I've finally gotten buy-in to crate-train him. He went in there last night and stayed in for 30 or 40 minutes to eat the meat off a bone I put in there. My plan is to leave the crate in his old room -- crate door open, room door shut -- and let him explore it.

My question is this: How do we reinforce crate attachment while we're home with a Shih Tzu, especially an adult one? He follows my wife around everywhere, or me if she's not home. Only sometimes on weekends does he get enough of us and go off by himself for a little while. It seems unlikely to me that he will remain in the crate if the door is open and one of us is home, and obviously I don't want him to feel trapped in it by closing the door while we're there.

Thanks in advance for any advice.


----------



## doxiemommy (Dec 18, 2009)

First, a question, when you leave him in a room, do you leave the door shut, or do you use a baby gate to block off the door? Some dogs get anxious when they are totally shut in a room, with the door shut, as they feel very isolated. Anxiety and boredom can lead a dog to be destructive. So, you might try leaving him in a room, with the door open, but the doorway blocked with a baby gate.
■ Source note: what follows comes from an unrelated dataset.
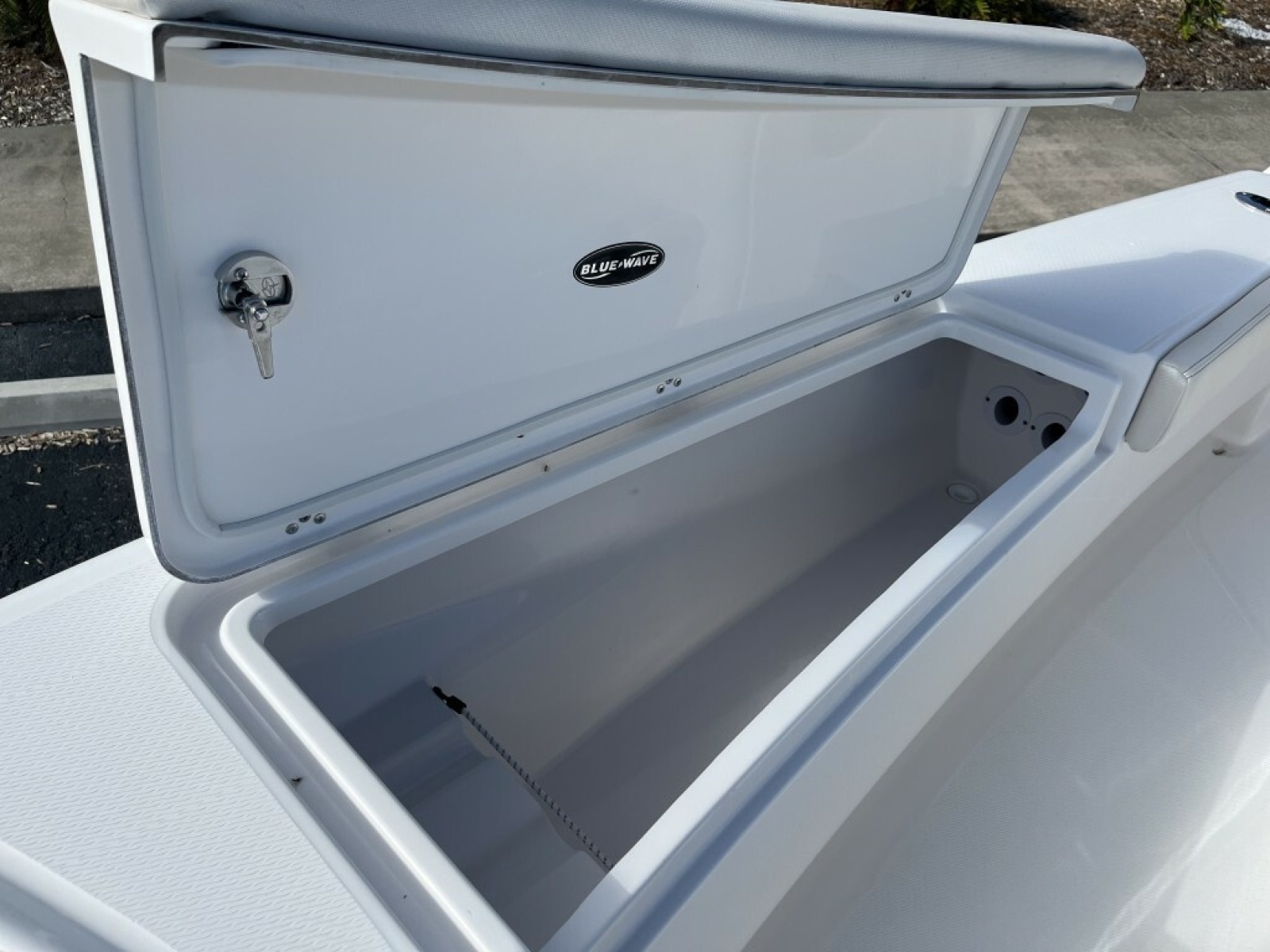 28ft Blue Wave Yacht For Sale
Second, crates are great for teaching a dog some independence. But, you can't just put them in and leave them for extended periods of time, when they're not used to it, because it could backfire and cause them to HATE the crate.

If he's really ok in the crate, door shut, with a bone, for 20-30 minutes, there's no reason you can't make that part of your daily routine. You could also use a frozen, stuffed kong. Or, you could alternate the times, maybe leave him in the crate 5 minutes, then, later in the day, leave him for 15 minutes, then later for 2 minutes. This will help him learn to tolerate the crate better, because no matter how long you are gone, he'll know you always come back.

All that can be done while you are in the home, and when you leave. If he is NOT ok in the crate for that long, you can always take baby steps, and do 1-2 minutes at a time, several times a day, and then gradually build up the time. But, always give him something to do in the crate. And, it also helps to tire them out before you put them in the crate, as exercise relieves stress, and, if he's tired, he may sleep.


----------